When we are addicted to something, it is easy to only think about the desirable aspects of the experience. So why not turn it around?
Which aspects of what I am addicted to, and the experience it gives me, are neutral to me, or something I don’t like so much?
What happens when I bring attention to the aspects that are neutral or I don’t like? What happens when I amplify them in my own imagination?
In Buddhism, we find this as an advice for monks when they notice attraction to women (or men, for that matter): Imagine how this person looks without skin. Imagine the meat, bones, blood and gore. It is there right under the skin. Is she still attractive?
And in contemporary psychology, it is used for any addiction or craving.
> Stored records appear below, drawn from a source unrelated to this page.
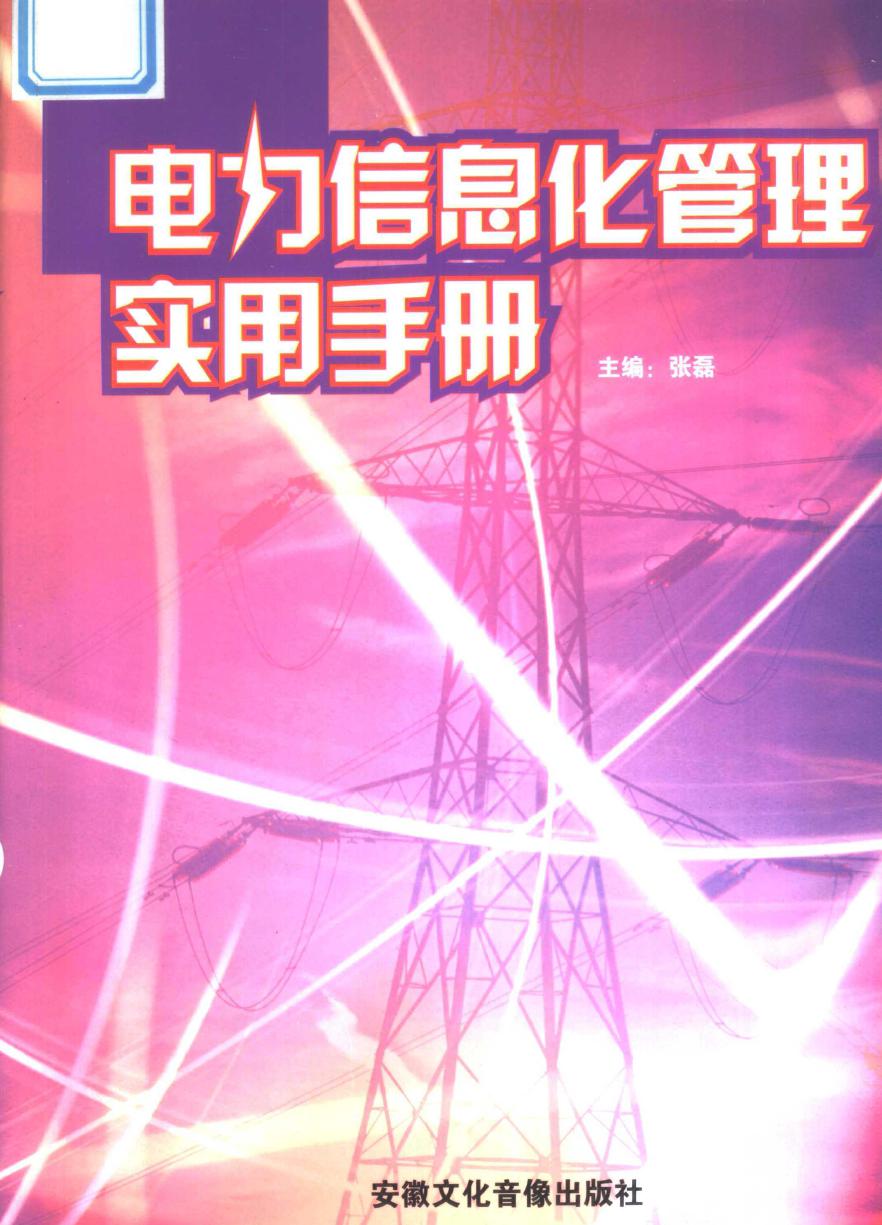 电力信息化管理实用手册 第3卷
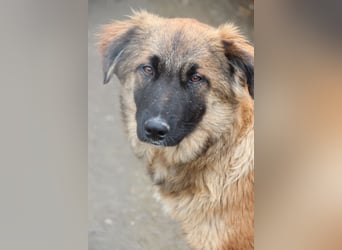 TUTU, liebes Mali-Mix-Mädchen, 8 Monate, 43 cm, Tierschutz Rumänien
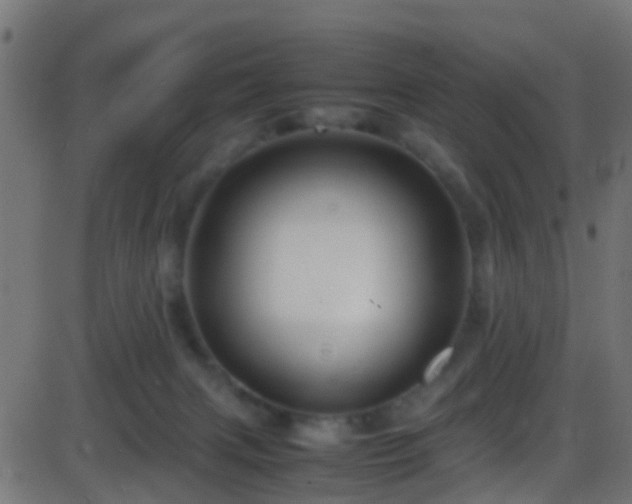 X0000086280079200704051346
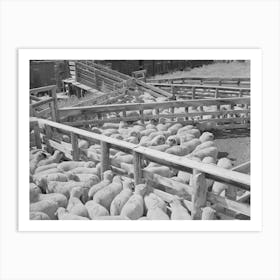 Fat Lambs In Shipping Pens, Cimarron, Colorado By Russell Lee Art Print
For instance, what is the color of that chocolate? Texture? How does it feel? Imagine it being enormous, and you looking up at it. Do you still want it the same way as before?
For myself, I also like to bring attention to the less-pleasant effects of the addiction or craving, for instance of eating certain foods. I eat sugar, and bring attention to the slight queasiness and nausea that comes with it, as well as the slight light-headedness and draining of energy and motivation. These are usually far in the background of attention, but bringing them into the foreground helps reprogram how I relate to sugar.
It is a first-aid tool, mostly, but it can also bring lasting habitual changes.
And it probably works best along with some of the many other tools out there:
We can explore beliefs around the addiction. First, what are my beliefs about the addiction itself? It may be: I need chocolate. I can’t live without it. It makes me feel good. It will be a sad life without it. It ruins my life. I need to quit. Also, what are my beliefs about myself in relation to the addiction? I am a failure since I can’t stay away from it. I have no willpower.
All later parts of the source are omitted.